- EXERCISE REQUIREMENTS
First find the line with "Water drainage is" in the entries below, then set down exactly every line through the line with "Vintage Solid 10k", that line included.

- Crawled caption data
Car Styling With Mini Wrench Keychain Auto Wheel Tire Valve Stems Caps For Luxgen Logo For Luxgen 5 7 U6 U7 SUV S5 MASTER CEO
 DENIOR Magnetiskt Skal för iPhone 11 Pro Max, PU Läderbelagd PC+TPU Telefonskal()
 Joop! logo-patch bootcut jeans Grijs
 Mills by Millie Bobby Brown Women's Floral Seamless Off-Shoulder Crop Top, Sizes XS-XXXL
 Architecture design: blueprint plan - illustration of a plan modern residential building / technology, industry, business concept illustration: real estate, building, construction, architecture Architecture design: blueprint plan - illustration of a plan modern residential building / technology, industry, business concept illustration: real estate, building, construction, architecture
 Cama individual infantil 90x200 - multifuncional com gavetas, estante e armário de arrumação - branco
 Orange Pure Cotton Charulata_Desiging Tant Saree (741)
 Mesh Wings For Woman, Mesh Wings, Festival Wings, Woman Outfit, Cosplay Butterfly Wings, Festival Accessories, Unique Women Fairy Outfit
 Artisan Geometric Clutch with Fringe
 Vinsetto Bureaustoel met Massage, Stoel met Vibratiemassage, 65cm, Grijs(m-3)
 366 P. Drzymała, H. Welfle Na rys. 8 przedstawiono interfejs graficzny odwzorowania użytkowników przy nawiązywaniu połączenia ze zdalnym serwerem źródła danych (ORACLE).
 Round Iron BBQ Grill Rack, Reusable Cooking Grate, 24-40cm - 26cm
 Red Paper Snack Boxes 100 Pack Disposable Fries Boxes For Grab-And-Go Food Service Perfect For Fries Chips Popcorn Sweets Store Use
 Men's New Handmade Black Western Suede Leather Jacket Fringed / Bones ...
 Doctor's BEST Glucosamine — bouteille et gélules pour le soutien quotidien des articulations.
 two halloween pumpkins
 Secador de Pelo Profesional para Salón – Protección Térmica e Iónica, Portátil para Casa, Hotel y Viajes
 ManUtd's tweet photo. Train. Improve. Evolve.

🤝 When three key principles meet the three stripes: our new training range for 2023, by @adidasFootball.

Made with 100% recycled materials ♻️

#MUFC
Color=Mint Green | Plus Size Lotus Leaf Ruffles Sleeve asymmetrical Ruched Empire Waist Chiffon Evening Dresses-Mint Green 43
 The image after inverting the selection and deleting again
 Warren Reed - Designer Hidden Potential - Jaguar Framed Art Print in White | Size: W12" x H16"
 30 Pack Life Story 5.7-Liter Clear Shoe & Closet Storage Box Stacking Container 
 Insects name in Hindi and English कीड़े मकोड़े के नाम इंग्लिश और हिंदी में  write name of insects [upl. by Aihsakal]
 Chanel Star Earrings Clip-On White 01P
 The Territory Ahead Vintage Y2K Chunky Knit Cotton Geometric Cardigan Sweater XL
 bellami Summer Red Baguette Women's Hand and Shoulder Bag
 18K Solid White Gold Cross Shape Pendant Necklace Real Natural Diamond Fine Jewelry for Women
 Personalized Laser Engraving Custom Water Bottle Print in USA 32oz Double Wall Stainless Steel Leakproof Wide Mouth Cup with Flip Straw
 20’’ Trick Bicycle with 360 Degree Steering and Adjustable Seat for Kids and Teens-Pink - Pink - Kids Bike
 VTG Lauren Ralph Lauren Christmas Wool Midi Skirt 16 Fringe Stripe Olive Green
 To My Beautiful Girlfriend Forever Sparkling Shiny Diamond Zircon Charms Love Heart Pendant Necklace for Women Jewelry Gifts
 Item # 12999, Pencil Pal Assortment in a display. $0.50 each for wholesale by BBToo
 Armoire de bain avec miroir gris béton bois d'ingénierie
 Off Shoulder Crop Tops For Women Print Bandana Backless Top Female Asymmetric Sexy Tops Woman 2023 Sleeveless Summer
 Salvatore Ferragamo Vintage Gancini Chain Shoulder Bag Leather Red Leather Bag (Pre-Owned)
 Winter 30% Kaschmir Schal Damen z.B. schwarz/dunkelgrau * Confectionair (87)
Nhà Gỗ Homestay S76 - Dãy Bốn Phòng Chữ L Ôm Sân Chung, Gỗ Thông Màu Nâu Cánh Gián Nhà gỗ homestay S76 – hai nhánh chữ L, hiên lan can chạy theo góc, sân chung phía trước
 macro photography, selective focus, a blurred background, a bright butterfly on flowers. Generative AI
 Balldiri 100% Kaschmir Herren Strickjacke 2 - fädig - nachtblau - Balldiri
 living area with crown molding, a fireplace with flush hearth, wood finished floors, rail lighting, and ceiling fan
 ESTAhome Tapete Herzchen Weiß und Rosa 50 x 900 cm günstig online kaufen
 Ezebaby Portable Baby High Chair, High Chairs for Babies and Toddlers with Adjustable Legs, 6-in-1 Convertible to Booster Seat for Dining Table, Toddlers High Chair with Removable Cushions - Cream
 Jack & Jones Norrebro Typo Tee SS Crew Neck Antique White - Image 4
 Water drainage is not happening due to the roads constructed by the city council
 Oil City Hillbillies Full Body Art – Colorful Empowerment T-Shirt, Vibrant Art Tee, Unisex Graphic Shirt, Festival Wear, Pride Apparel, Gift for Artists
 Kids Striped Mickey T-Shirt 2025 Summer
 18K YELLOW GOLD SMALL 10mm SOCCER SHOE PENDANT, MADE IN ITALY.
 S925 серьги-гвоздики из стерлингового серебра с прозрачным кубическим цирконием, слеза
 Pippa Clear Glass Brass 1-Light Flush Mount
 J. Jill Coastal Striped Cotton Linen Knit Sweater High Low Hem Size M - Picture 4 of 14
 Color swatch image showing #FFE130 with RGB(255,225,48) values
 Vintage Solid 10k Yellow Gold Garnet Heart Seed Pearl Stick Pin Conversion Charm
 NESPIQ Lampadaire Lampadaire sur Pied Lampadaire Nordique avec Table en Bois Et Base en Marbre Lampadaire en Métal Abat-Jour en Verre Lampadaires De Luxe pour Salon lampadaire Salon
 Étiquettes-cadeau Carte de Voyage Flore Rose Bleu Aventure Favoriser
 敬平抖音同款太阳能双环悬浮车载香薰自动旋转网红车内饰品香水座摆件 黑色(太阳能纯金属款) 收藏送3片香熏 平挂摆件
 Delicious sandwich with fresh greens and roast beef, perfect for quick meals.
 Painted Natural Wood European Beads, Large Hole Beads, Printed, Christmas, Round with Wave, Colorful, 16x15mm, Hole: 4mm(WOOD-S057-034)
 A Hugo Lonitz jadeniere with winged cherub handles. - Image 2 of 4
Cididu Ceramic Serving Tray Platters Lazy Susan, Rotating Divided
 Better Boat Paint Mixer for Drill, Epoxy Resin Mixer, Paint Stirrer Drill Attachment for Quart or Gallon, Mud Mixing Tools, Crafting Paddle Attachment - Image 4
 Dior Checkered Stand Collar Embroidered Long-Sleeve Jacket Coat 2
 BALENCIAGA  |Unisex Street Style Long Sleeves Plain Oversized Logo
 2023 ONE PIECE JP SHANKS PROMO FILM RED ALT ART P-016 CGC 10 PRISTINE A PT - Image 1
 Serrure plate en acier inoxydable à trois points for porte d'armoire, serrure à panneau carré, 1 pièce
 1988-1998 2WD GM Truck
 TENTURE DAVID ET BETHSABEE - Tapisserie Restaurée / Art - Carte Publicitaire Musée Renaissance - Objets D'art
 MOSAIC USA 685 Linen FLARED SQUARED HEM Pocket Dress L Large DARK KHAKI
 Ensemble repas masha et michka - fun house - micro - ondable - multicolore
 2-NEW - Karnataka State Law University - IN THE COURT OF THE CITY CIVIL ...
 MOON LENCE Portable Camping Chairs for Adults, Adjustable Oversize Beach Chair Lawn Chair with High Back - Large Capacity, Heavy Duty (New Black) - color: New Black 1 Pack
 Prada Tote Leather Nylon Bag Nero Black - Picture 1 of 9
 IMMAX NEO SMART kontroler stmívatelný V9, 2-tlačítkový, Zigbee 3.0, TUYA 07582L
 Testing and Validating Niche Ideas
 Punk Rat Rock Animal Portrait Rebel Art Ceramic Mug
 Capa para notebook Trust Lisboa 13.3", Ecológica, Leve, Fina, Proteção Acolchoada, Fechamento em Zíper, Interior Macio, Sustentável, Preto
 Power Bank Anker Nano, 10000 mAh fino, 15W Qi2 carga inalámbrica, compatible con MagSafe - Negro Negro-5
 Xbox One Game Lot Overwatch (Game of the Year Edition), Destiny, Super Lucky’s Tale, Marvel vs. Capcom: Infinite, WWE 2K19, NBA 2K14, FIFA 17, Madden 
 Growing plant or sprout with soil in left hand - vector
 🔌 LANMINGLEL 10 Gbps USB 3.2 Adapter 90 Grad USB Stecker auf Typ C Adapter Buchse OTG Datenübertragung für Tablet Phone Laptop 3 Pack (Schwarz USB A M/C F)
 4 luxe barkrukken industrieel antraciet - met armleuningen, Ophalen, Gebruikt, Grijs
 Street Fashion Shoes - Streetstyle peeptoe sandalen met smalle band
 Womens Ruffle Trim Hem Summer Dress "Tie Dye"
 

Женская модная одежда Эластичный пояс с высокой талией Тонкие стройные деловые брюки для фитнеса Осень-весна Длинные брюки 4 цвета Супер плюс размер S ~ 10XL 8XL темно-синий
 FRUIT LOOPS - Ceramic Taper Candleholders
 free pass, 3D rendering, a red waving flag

- TASK RESULT
 Water drainage is not happening due to the roads constructed by the city council
 Oil City Hillbillies Full Body Art – Colorful Empowerment T-Shirt, Vibrant Art Tee, Unisex Graphic Shirt, Festival Wear, Pride Apparel, Gift for Artists
 Kids Striped Mickey T-Shirt 2025 Summer
 18K YELLOW GOLD SMALL 10mm SOCCER SHOE PENDANT, MADE IN ITALY.
 S925 серьги-гвоздики из стерлингового серебра с прозрачным кубическим цирконием, слеза
 Pippa Clear Glass Brass 1-Light Flush Mount
 J. Jill Coastal Striped Cotton Linen Knit Sweater High Low Hem Size M - Picture 4 of 14
 Color swatch image showing #FFE130 with RGB(255,225,48) values
 Vintage Solid 10k Yellow Gold Garnet Heart Seed Pearl Stick Pin Conversion Charm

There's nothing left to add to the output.